Europe’s Top Asset Manager Warns About Stablecoin Risks
Amundi, Europe’s biggest asset manager, isn’t sold on the idea that U.S.-regulated stablecoins will strengthen the dollar. In fact, they’re worried it might do the opposite. With over €2 trillion in assets under management, the firm raised concerns this week that the GENIUS Act—a new U.S. bill to regulate dollar-backed crypto tokens—could end up undermining the dollar’s dominance rather than securing it.
Vincent Mortier, Amundi’s chief investment officer, put it bluntly in a Reuters interview: “It could be genius, or it could be evil.” His skepticism isn’t unfounded. The bill, which passed the Senate last month, requires stablecoins to be pegged to the dollar. That might sound like a win for U.S. currency, but Mortier thinks it could backfire.
How Stablecoins Might Weaken the Dollar
The logic is counterintuitive but worth considering. If stablecoins become a widely accepted alternative to traditional dollars, countries and institutions might start relying less on actual dollar reserves. “You create an alternative to the U.S. dollar,” Mortier said, “and that could lead to more weakening of the dollar.”

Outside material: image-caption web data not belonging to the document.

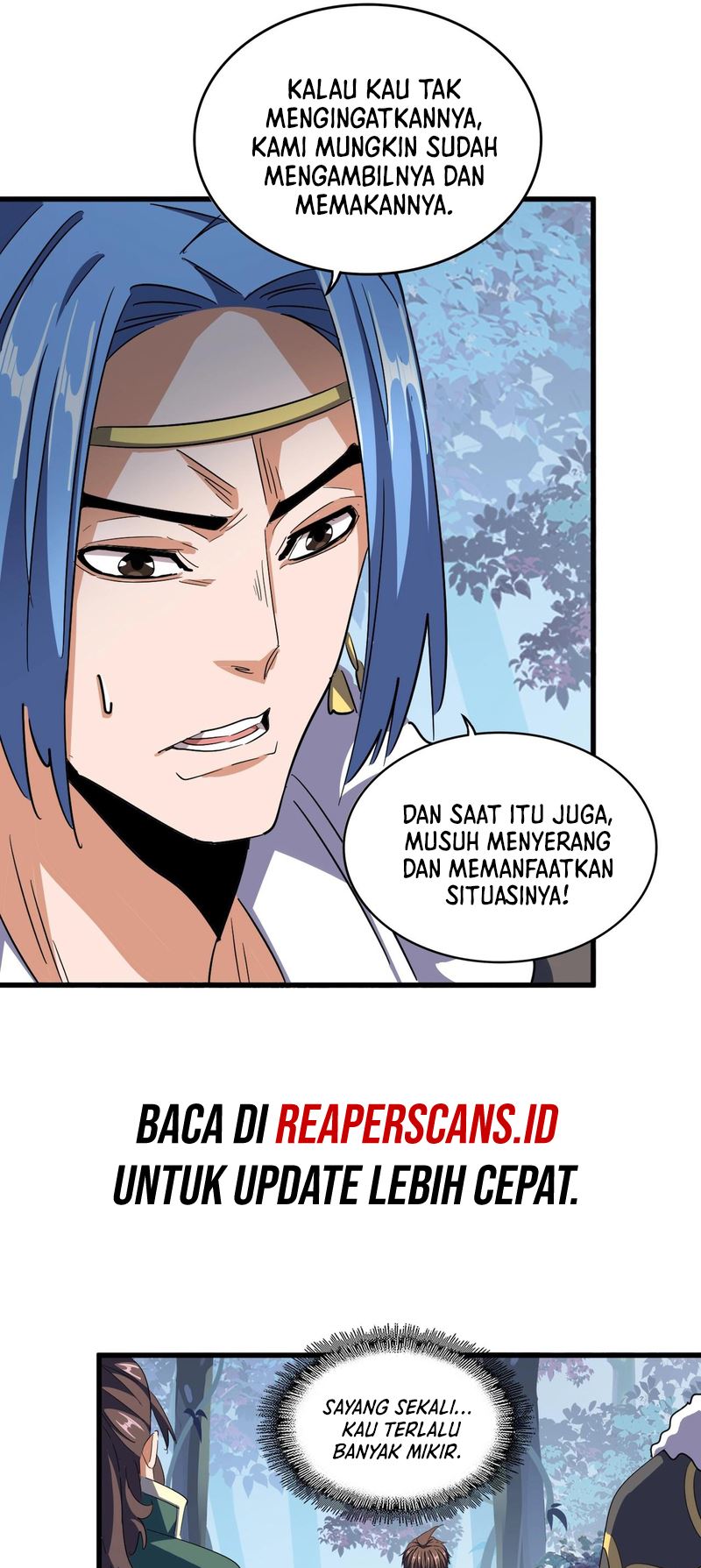 Magic Emperor Chapter 323 page 32
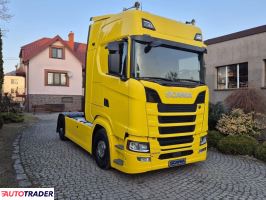 Scania S500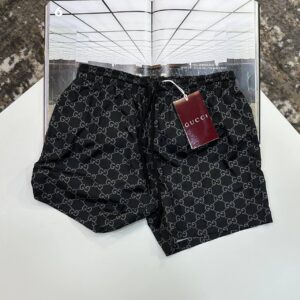Gucci GG Monogram Printed Tech Swim Shorts in Different Colors Men's Reps Sale UK Best Quality AAA Replica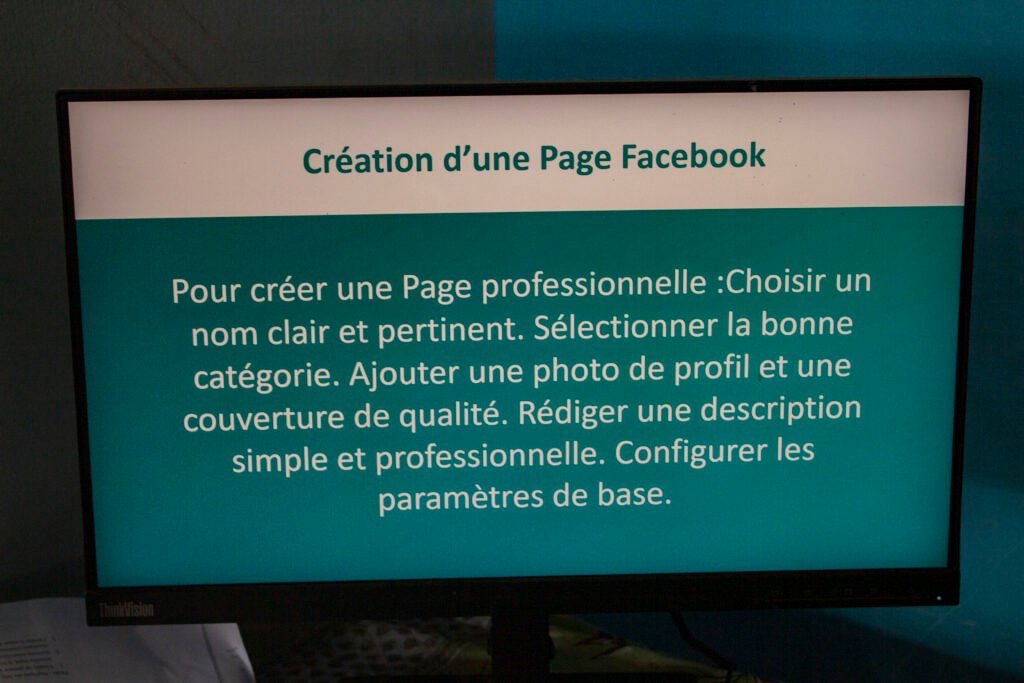 Atelier numérique à Kpomassè — photo 4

He’s not alone in thinking this. Some analysts argue that promoting dollar-pegged stablecoins sends a mixed message—like admitting the dollar isn’t strong enough on its own. And with stablecoin circulation expected to hit $500 billion by 2028, according to JPMorgan, the scale of this shift isn’t trivial.
What the GENIUS Act Actually Does
The bill, officially called the Guiding and Establishing National Innovation for U.S. Stablecoins Act, is now headed for a House vote in mid-July. Supporters say it’ll bring much-needed clarity to the crypto space, protect consumers, and keep the U.S. ahead in the digital currency race.
But critics, including Amundi, see potential pitfalls. Even though stablecoins would be tied to the dollar, their rapid global adoption—especially outside the U.S.—could complicate things. Over 90% of stablecoins are already dollar-denominated, but if they start circulating more freely in places with shaky local currencies, the long-term effects on global money flows are hard to predict.
Mortier’s warning isn’t just about economics—it’s about perception. If stablecoins become the go-to for international transactions, the dollar’s role as the world’s reserve currency might not look so unshakable anymore. And once that idea takes hold, reversing it won’t be easy.
For now, though, the bill’s fate rests with U.S. lawmakers. Whether it stabilizes the dollar or accidentally chips away at its power, we’ll likely find out sooner than anyone expects.